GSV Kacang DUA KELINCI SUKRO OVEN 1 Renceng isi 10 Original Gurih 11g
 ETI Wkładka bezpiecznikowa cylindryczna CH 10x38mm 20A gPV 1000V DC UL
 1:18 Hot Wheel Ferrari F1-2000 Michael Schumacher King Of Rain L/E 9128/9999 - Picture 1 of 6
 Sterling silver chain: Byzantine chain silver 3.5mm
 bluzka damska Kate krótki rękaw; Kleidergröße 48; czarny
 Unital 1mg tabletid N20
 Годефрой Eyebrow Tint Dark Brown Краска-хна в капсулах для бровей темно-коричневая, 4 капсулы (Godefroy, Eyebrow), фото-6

**Exercise instructions**:
Could you quote, exactly as they appear, the line containing "Unital 1mg tabletid N20" and every line after it to the end of the records above?

**Solved exercise**:
 Unital 1mg tabletid N20
 Годефрой Eyebrow Tint Dark Brown Краска-хна в капсулах для бровей темно-коричневая, 4 капсулы (Godefroy, Eyebrow), фото-6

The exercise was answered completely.